On January 28, 1994, plaintiff Frank Acosta (“Acosta”), employed by AMAX Metals Recovery, Inc. (“AMAX”) as a materials handler, was working with three AMAX coworkers in the offloading of 49 one-ton sacks of material from a railroad boxcar at the AMAX plant in Braithwaite, Louisiana. The material was owned by defendant Criterion and had been loaded on the boxcar by Criterion personnel in Pittsburg, California. While attaching sacks of material to the fork lifts, a one-ton sack fell from the stack inside the boxcar and struck the claimant in the low back. The plaintiff filed suit against the defendants, including Criterion, on January 25, 1995, seeking damages from Criterion under Louisiana law.
Plaintiffs seek partial summary judgment on the issue of submission of quantification of employer fault to the jury. They contend that, in accordance with the law in effect at the time the injury occurred, it is not appropriate for the jury to assess the percentage of the employer’s fault. Defendant Criterion opposes this motion, arguing that the recent amendments to Louisiana Civil Code article 2324, which clearly provide that employer fault is to be quantified, are remedial in nature and are to be applied retroactively. The plaintiffs argue that because the amendments are substantive and due to the absence of direction by the legislature regarding the retroactive or prospective effect of the amendments, the amendments should be applied prospectively.

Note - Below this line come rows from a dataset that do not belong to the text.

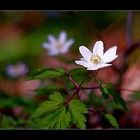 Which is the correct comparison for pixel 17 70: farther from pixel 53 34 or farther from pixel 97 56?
pixel 97 56

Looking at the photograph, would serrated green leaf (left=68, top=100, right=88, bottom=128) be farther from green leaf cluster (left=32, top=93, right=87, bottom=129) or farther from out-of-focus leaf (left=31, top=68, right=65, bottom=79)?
out-of-focus leaf (left=31, top=68, right=65, bottom=79)

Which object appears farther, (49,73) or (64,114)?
(49,73)

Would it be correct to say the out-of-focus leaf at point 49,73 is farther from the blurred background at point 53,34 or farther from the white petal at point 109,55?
the blurred background at point 53,34

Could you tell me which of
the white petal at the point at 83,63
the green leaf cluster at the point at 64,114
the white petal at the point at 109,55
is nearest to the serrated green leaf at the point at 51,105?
the green leaf cluster at the point at 64,114

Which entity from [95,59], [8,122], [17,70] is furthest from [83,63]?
[17,70]

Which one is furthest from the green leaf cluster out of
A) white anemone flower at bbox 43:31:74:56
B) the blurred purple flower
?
the blurred purple flower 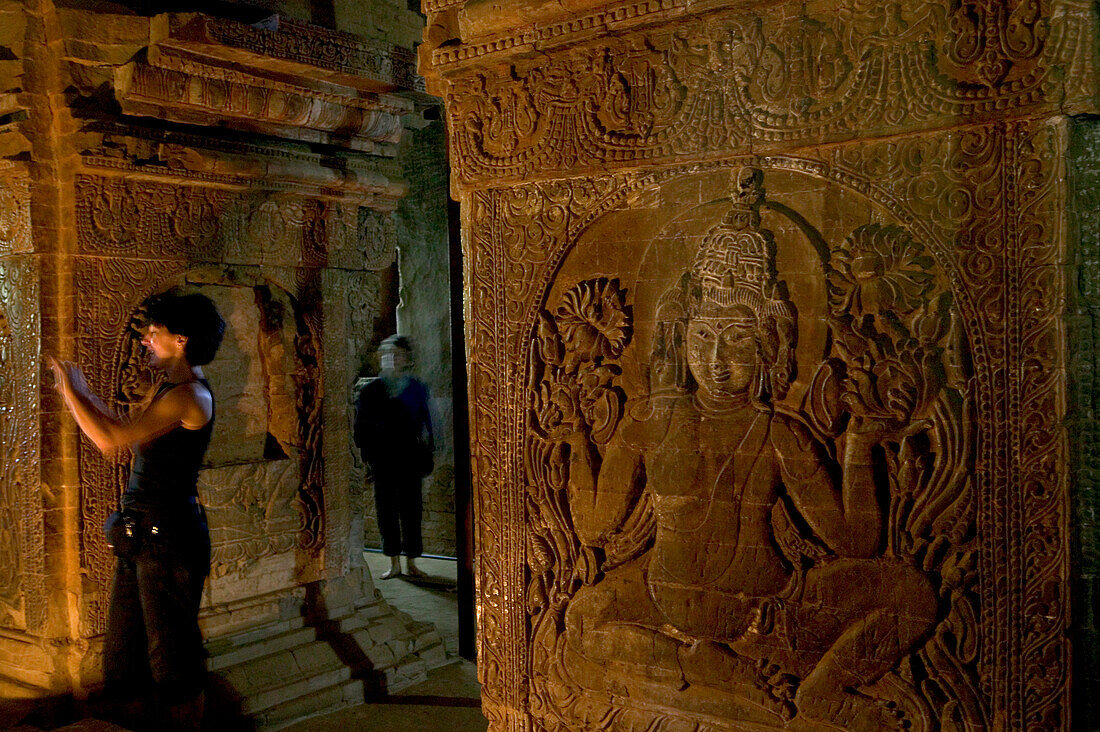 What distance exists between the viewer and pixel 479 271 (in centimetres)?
281

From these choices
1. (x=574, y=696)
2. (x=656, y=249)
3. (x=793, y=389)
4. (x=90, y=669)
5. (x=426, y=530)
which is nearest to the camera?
(x=793, y=389)

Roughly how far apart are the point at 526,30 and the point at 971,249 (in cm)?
137

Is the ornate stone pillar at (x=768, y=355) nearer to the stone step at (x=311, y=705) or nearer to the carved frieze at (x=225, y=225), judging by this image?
the stone step at (x=311, y=705)

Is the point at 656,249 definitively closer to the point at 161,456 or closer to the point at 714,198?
the point at 714,198

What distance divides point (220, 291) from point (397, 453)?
2.79 metres

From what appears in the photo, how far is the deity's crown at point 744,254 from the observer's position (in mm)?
2301

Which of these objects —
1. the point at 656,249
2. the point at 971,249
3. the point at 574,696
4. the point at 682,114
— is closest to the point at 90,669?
the point at 574,696

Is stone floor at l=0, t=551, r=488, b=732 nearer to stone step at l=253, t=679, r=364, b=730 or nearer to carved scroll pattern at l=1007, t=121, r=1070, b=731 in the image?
stone step at l=253, t=679, r=364, b=730

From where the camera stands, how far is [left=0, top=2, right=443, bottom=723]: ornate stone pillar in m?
4.07

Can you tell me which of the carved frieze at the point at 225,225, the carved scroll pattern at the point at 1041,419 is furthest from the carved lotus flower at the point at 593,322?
the carved frieze at the point at 225,225

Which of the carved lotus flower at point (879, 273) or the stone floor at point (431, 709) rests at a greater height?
the carved lotus flower at point (879, 273)

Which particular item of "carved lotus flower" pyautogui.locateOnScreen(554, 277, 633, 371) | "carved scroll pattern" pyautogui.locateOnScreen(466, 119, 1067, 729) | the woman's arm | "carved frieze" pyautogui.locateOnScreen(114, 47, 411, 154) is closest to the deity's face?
"carved lotus flower" pyautogui.locateOnScreen(554, 277, 633, 371)

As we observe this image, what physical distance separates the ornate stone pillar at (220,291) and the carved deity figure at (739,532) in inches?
103

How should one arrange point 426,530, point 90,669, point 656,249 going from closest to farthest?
1. point 656,249
2. point 90,669
3. point 426,530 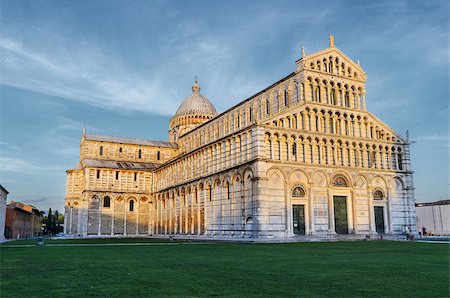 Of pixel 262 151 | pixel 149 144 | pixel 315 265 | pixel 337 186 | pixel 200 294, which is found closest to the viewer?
pixel 200 294

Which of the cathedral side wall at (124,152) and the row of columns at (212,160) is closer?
the row of columns at (212,160)

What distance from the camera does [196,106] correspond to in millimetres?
78938

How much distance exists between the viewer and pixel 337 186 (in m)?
44.5

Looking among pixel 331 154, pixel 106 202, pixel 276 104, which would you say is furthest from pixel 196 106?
pixel 331 154

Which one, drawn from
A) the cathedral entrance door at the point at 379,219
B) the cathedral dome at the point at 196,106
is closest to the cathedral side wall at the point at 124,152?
the cathedral dome at the point at 196,106

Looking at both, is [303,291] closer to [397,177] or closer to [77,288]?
[77,288]

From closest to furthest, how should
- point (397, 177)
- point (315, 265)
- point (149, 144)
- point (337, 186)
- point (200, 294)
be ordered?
point (200, 294) < point (315, 265) < point (337, 186) < point (397, 177) < point (149, 144)

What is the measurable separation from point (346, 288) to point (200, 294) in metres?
3.76

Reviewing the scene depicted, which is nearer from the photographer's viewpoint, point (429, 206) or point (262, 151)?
point (262, 151)

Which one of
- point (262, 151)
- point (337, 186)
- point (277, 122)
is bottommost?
point (337, 186)

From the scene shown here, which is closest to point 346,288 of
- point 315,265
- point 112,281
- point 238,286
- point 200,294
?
point 238,286

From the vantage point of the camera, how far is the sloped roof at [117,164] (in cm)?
6798

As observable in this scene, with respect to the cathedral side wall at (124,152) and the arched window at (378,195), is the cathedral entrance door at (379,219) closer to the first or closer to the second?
the arched window at (378,195)

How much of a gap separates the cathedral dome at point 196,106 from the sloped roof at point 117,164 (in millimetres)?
12526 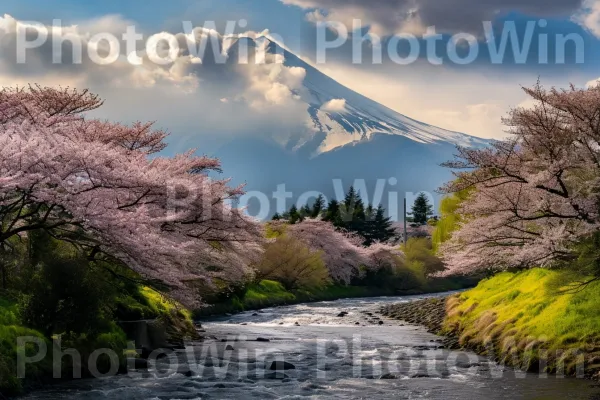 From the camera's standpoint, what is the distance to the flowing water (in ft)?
50.1

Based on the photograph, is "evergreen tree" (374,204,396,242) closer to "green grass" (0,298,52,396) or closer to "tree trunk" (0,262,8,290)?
"tree trunk" (0,262,8,290)

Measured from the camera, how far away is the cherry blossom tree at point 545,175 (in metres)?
18.1

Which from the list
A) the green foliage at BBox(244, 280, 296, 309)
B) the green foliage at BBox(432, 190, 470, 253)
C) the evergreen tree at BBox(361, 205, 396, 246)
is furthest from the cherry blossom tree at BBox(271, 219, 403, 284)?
the green foliage at BBox(432, 190, 470, 253)

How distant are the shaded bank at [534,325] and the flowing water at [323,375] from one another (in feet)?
2.63

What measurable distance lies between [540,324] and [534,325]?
0.34m

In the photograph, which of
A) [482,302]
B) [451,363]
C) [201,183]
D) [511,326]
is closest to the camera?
[451,363]

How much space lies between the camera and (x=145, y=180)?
17.2m

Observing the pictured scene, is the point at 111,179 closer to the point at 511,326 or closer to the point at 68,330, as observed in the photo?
the point at 68,330

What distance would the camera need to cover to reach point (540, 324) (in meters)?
20.0

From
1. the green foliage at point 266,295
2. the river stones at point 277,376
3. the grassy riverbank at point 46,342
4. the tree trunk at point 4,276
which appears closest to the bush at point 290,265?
the green foliage at point 266,295

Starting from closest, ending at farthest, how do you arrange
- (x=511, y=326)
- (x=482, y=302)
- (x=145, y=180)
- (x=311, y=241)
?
(x=145, y=180) < (x=511, y=326) < (x=482, y=302) < (x=311, y=241)

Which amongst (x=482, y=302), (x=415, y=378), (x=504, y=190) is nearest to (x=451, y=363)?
(x=415, y=378)

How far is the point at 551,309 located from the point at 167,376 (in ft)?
41.0

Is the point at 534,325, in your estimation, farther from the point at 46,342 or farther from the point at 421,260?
the point at 421,260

*455 The Louisiana Supreme Court in Gauthier v. O’Brien, 618 So.2d 825 (La.1993), explained the relevance of the question of employer fault in third-party tort actions by injured employees as follows:Employees are provided with an exclusive remedy for injuries sustained while in the course and scope of their employment. La.R.S. 23:1032. The employer is provided with statutory immunity from tort actions. In exchange for this immunity, an employee has a right to compensation benefits without proving fault. This bargain between the parties to the workers’ compensation scheme results in benefit to both parties arising out of their having given up certain rights. Of course, an employer is not immune from tort liability where an employee’s injuries are the result of an intentional act. [citations omitted]. An injured employee’s right to sue a negligent or strictly hable third party in tort is maintained in the worker’s compensation scheme. La.R.S. 23:1101. A third party whose fault in conjunction with the fault of an employer causes a work related injury is barred by the employer’s statutory immunity from seeking indemnity or contribution from that employer. This bar restricts the third party’s cause of action for indemnity or contribution against the employer that would normally accrue from the solidary obligation which would arise between the negligent employer and the tortfeasor, but for the employer’s immunity, even though the third party derives no benefit from the compensation bargain.
618 So.2d at 827-828.
The Gauthier court studied the 1987 legislative amendments to article 2324, which moved Louisiana tort law from a pure comparative fault system to a modified comparative fault system. The 1987 amendments limited solidary liability to the extent necessary for the tort victim to recover 50% of his recoverable damages “regardless of such other person’s insolvency, ability to pay, degree of fault, or immunity by statute or otherwise.” 618 So.2d at 830. Concluding that “the assessment of employer fault is made mandatory by the 1987 amendment to La. Civ.Code art. 2324B,” the Gauthier court overruled Guidry v. Frank Guidry Oil Co., 579 So.2d 947 (La.1991) and Melton v. General Elec. Co., Inc., 579 So.2d 448 (La.1991), noting that to that extent they “are no longer the law.” (emphasis added) 618 So.2d at 831.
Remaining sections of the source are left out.